Ask any Italian about the Salerno-Reggio Calabria highway, and they will tell you that it is a failure of Italian infrastructure policy, a major work that has been worked on for fifty years and is still unfinished. But if you ask Antonio Ottomanelli, an architect and photographer who is based in Italy and the Middle East, he will give you another view of the facts.
"The Salerno-Reggio Calabria highway has been a territory of experimentation for eminent civil engineers like Silvano Zorzi e Fabrizio de Miranda," says Ottomanelli. "It was a highly complicated enterprise: 60% of its extension is suspended and it is one of the highest viaducts in the world. In the 1960s Calabria was a harsh and isolated territory called 'The Third Island'. Now the situation has changed."
On the occasion of the 50th anniversary since the beginning of the highway and of the 20th anniversary since the construction of the port of Gioia Tauro in 1994, Ottomanelli has begun a project which was launched at the last Venice Biennial and is now on show at Milan's Triennial until December 20th. During the finissage, a book about the project will be presented.
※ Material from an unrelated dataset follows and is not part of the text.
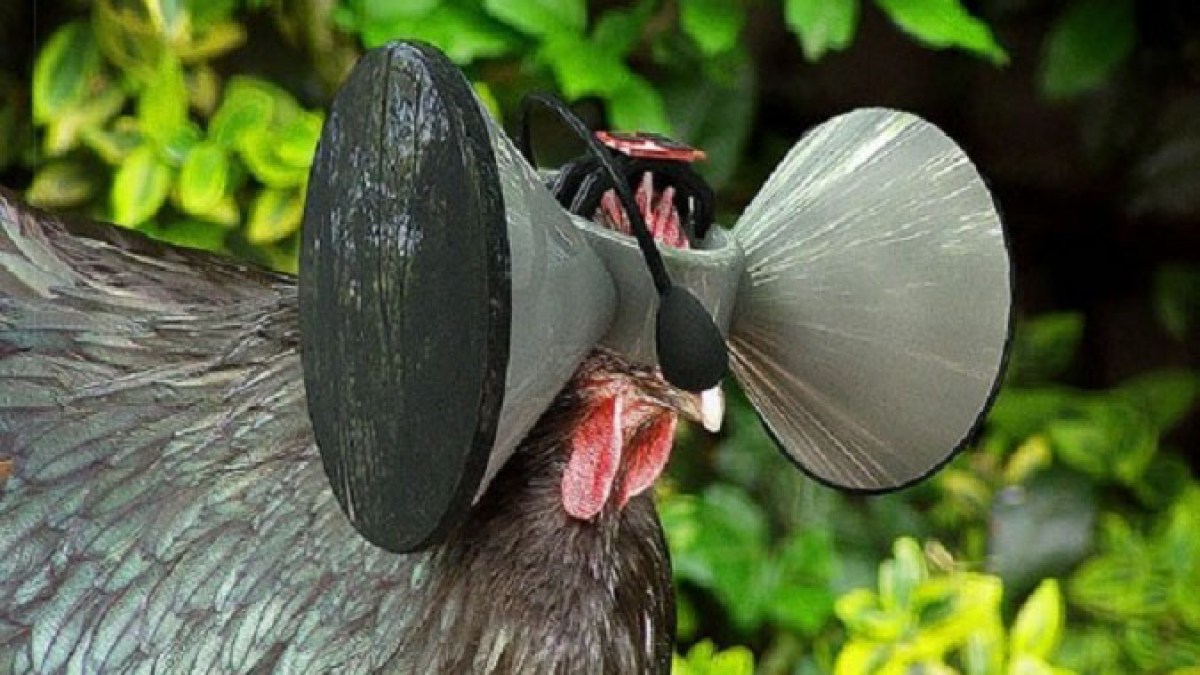 poulet-virtuel.jpg poulet-virtuel.jpg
"The book summarises two years of research which involved 11 photographers, journalists, activists, and local entrepreneurs," Ottomanelli explains. "We covered not only the local discourse, but also the broader discussion about global traffic and logistics. We also developed a small dictionary in which we try to find a new definition of the term 'major works'. Because now it has a nineteenth-century connotation of a physical intervention on the territory. According to us, a major work can be defined as such if it has a cultural potential. We have tried to eliminate some parts of our national territory from our mental landscape, but Calabria is part of our cultural landscape, of our identity, and it is important that we reawaken our relationship with our territory. Documentary photography can help us in this sense. We do not deny that there are also negative aspects; in the book we refer also to stories of the mafia and extortions. But we want to enlarge the horizons and add new information. Calabria is not just a lost territory. It is part of our national territory and if we neglect it, we must admit our failure."
finissage of the exhibition tomorrow night 20th of December 2015, with book presentation, at the Triennale Design Museum, Viale Alemagna 6, Milan, Italy.